## What the task asks
Look through the records and copy each line that has "Manchester" in it.

[Items from a data source]
__________________________________________________
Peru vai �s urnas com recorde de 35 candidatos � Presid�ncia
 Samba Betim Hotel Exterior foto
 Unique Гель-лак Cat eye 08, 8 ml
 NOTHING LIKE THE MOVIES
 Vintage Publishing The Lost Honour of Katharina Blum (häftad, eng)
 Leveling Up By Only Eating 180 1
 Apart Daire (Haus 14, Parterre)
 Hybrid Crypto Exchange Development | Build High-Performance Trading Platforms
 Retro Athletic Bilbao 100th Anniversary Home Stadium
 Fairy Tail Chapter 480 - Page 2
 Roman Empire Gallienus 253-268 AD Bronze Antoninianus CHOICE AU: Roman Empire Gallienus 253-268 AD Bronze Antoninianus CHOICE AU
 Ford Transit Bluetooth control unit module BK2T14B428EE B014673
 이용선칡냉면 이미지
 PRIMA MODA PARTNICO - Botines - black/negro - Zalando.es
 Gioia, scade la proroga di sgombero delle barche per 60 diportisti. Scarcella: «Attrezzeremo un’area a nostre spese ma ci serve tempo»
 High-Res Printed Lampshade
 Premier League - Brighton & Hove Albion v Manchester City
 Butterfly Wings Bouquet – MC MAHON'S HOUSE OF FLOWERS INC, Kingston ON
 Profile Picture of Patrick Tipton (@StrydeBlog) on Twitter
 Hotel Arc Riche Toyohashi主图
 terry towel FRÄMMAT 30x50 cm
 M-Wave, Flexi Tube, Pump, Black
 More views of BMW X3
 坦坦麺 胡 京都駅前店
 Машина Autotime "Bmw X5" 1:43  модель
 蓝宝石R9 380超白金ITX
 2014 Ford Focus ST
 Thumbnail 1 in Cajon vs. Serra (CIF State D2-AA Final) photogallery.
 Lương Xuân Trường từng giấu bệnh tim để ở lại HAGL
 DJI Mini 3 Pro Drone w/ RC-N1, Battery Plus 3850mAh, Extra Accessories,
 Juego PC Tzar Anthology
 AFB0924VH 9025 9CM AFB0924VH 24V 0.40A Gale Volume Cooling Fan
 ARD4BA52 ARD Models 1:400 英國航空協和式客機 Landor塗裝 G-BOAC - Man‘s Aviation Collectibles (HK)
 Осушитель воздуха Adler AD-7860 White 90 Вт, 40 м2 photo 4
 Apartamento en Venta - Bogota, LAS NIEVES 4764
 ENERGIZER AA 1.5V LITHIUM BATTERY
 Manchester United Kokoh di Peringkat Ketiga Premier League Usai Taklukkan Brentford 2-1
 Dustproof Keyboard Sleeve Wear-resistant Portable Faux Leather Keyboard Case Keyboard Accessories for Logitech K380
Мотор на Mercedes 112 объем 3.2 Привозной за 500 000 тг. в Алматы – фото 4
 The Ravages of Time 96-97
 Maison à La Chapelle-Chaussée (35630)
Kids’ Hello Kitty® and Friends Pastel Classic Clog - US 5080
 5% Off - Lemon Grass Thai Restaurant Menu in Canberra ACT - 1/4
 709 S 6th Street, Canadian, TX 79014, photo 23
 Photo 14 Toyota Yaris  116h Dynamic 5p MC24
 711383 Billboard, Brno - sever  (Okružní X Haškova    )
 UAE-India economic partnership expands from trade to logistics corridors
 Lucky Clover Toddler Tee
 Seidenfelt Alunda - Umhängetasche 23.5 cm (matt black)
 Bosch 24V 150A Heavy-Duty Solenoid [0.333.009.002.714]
__________________________________________________
## Task solution
 Premier League - Brighton & Hove Albion v Manchester City
 Manchester United Kokoh di Peringkat Ketiga Premier League Usai Taklukkan Brentford 2-1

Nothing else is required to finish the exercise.